1 Corinthians 1:10 - I appeal to you,
brothers and sisters,
in the name of our Lord Jesus Christ, that all of you agree with one
another in what you say and that there be no divisions among you, but that you
be perfectly united in mind and thought.
The word division is a very strong word but
for the sake of comfort, I will use the word clique instead.
We all come from various
backgrounds, people come with their respective interests and our own spiritual
condition, we meet in church and share the common Cup and the broken bread and
we are called to see the oneness of our life.
This weekend at church, I took the chance to look around the
congregation to see the differences. Difference of gender: difference of age;
difference of. As I thought on this I realized, that in my mind I was
classifying other members. It was almost subconscious in my thought process yet
I naturally did this.
My mind said those people sitting up front are those closest
in heart to the Senior Pastor or wanted to be singled out. Isn’t this why we
sit on the front rows? To be noticed? What about the people who sit way in the
back? Are they sitting back there because they were late or want to leave early?
My mind got more detailed… most of the associate Pastors
hover near the entrances and in or near the lobbies. Is this to be of
assistance to the members arriving late; to pray over the members; or is it in
case of urgent things that may occur during the course of the service.
Even more specific, as I walk into the sanctuary I greet the
people I know with a hug and a handshake. Yet with some others, I give a
handshake or nothing at all. Some I spend time with talking and listening….others
just a casual greeting. Some just get a nod from me in recognition.

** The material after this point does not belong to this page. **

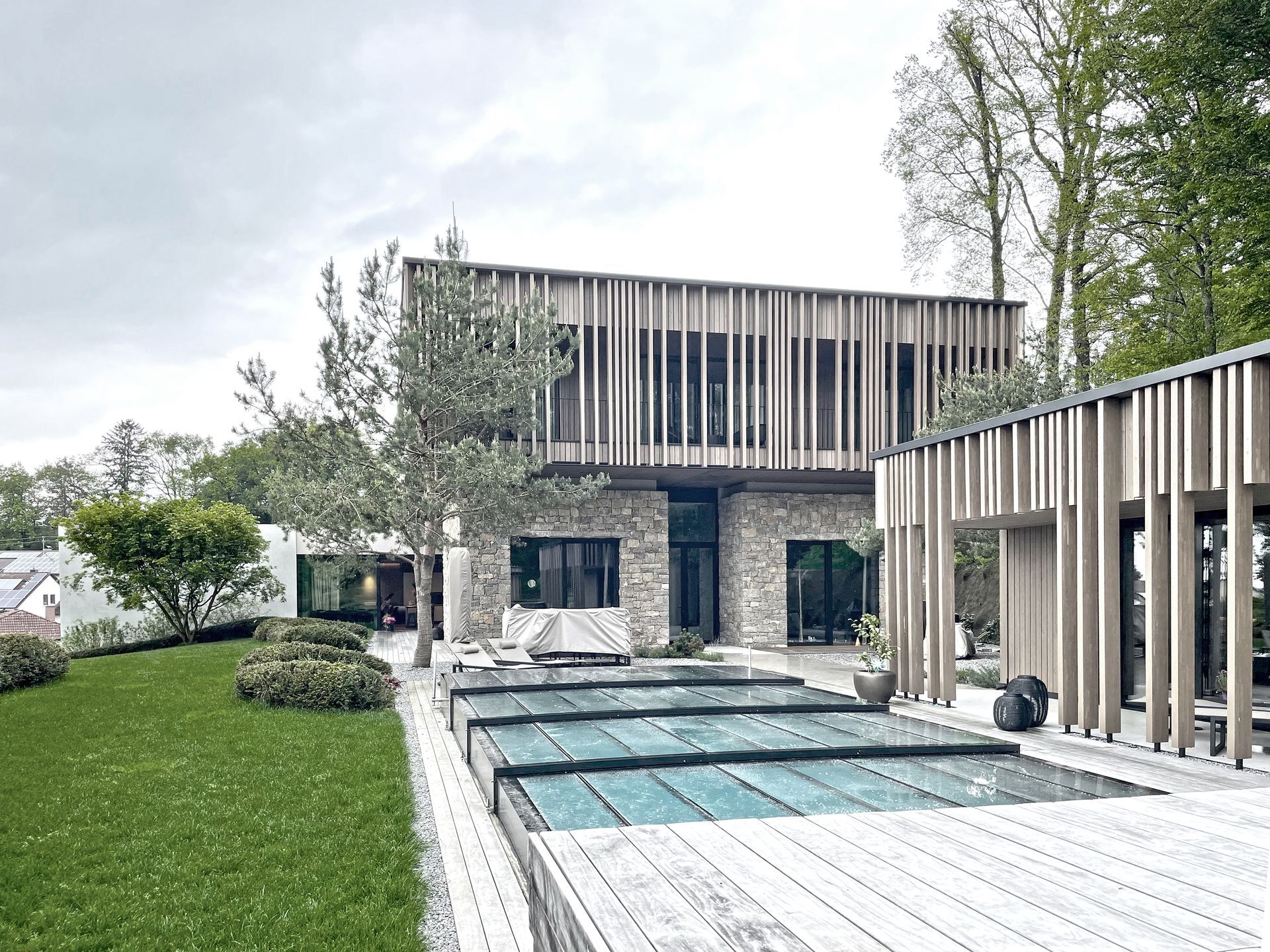 Ein großes Haus mit einem Swimmingpool davor.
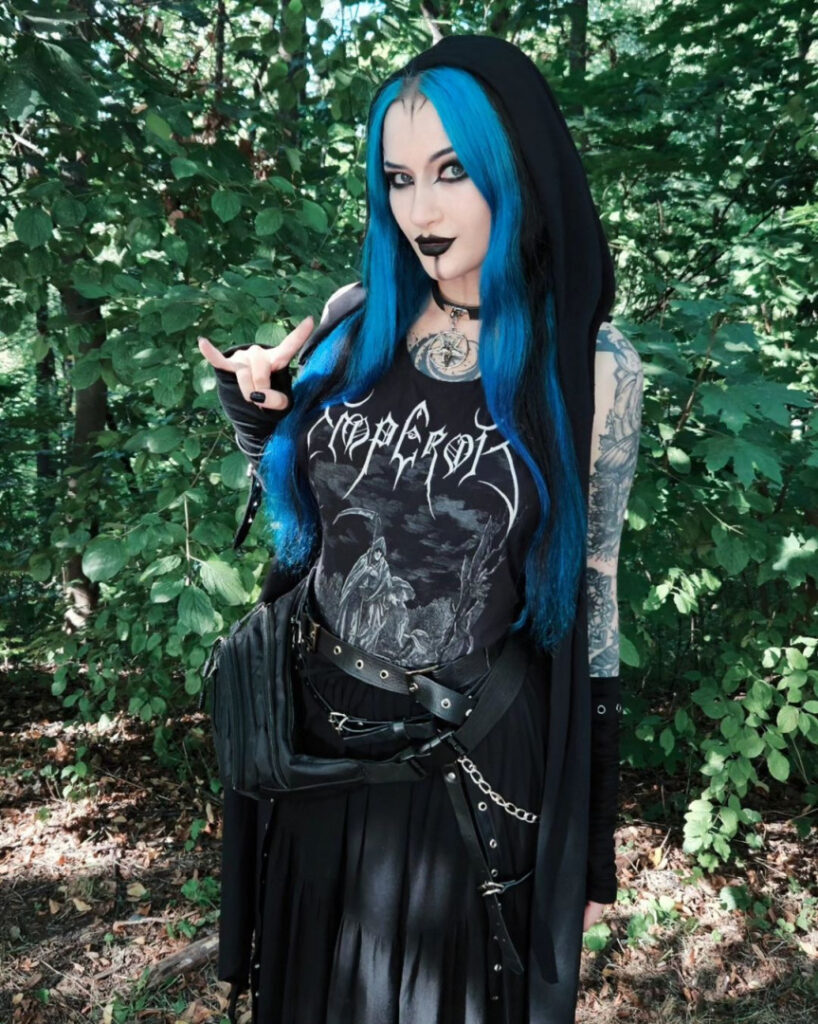 Instagram – BlueAstrid – Nude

Is this how everyone conducts themselves? Have I created my
own clique?
All of us want to belong, to be a part, but our human nature
makes us want to be a part of not just any group, but of an exclusive group. We
want to be a part of some Clique. Belonging and the desire to belong are not
bad, but the desire to gain status by belonging is dangerous. This desire
causes us to compare ourselves with others and to be depressed when someone
else gets in and we are left out.
We adjust to insure acceptance into these cliques. We
pretend to agree when we secretly disagree. If necessary we use insincere
flattery to gain the approval of those in the cliques hoping that they will give
us admittance. In short, we compromise to be a part of the exclusive cliques.
Being in a clique is like the ripples of a lake. Once you
make it to a specific ripple we find there is another one. Sometimes, we find
that the ripple we are in, doesn’t really give us the sense of worth we really
desire. This Lake effect can cause undo turbulence in our lives and distort truth
and vision. Why? Our worth does not come from without, but from within. Our
value is not increased by belonging, but by being. True love is not on the
surface of the lake but within the heart.
The Church should be a place where people who have no other
natural reason for associating with each other come together in love and, in
love, serve one another and God. A few good examples are:
When our Children’s Pastor bridges the gap between the Word
of God and our children by using methods to excite and interest our children.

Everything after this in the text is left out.